Поступь тоталитаризма – явь «осуществленной» Утопии – размыла символистские грезы и футуристические миражи. Эсхатологические надежды перенеслись исключительно вглубь, в сокровенный центр личности. Здесь выкристаллизовывалось катастрофичное чувство жизни и ощущение призрачной обманности тех социальных сеток, что кажутся незыблемыми сильным мира сего. Поэтому путь отшельника-аутсайдера, добровольно выпавшего из горячечного потока времени, стал в конце 1960-х – начале 1970-х предпочтительнее, чем всякий жизнетворческий активизм, и, несмотря на заметную увлеченность метафизиков-шестидесятников формальной проблематикой русского футуризма, в мировоззренческом аспекте им была несравнимо ближе символистская традиция и в целом дофутуристическая культура, то есть наследие так называемого русского религиозно-философского ренессанса, или Серебряного века.
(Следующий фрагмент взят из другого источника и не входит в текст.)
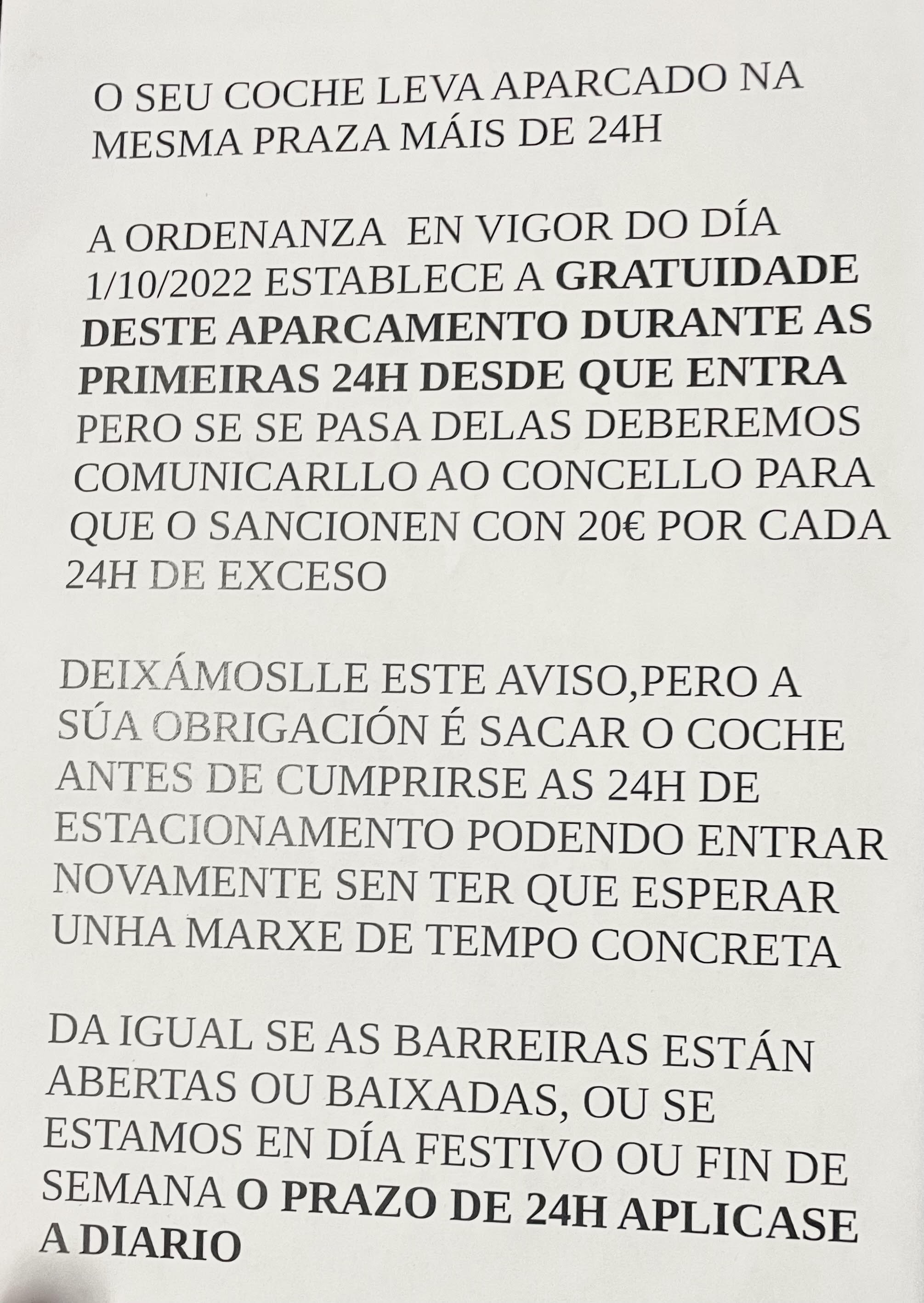 Nota de aviso do concello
Человекобожеству была противопоставлена Богочеловечность, волюнтаристскому пафосу утопии – самоуглубленное созерцание, одностороннему культу будущего – взгляд в прошлое в поисках вечных ценностей. Текст известного письма Штейнберга к К. Малевичу является лаконичным комментарием как к собственному творчеству, так и к общей метафизической ситуации рубежа 1960–1970-х. Это словесно оформленное творческое кредо выражает полноту экзистенции художника в постижении и освоении им религиозно-эстетической традиции Серебряного века русской культуры, пластический эквивалент, который открылся Штейнбергу в символике геометрических структур и видимых координатах вечности – образах Земли и Неба. Самый известный и наиболее протяженный «белый» метагеометрический период Штейнберга (1970–1985) духовно связан с софиологией Вл. Соловьева, своими же языковыми особенностями он тяготеет к супрематизму Малевича. Столь отчетливо узнаваемая у Штейнберга геометрическая стилистика супрематизма – это не зона ностальгического притяжения, а материал, с которым мастер ведет диалог, диалог во многих отношениях полемический. Опыт преодоления и переосмысления традиции, в русле которой художник стремится выйти к архаическим и архетипичным уровням языка геометрии в духе мистического эстетизма П. Флоренского и символизма Вяч. Иванова. В отличие от нигилистически настроенных новаторов начала века, Штейнберг не низвергатель прошлого, а скорее восприемник его эзотерических секретов. Он напоминает о геометрии как изначальном языке сакральных символов и космогонических схем. Для Малевича высший предмет созерцания – знак-Абсолют, форма как таковая.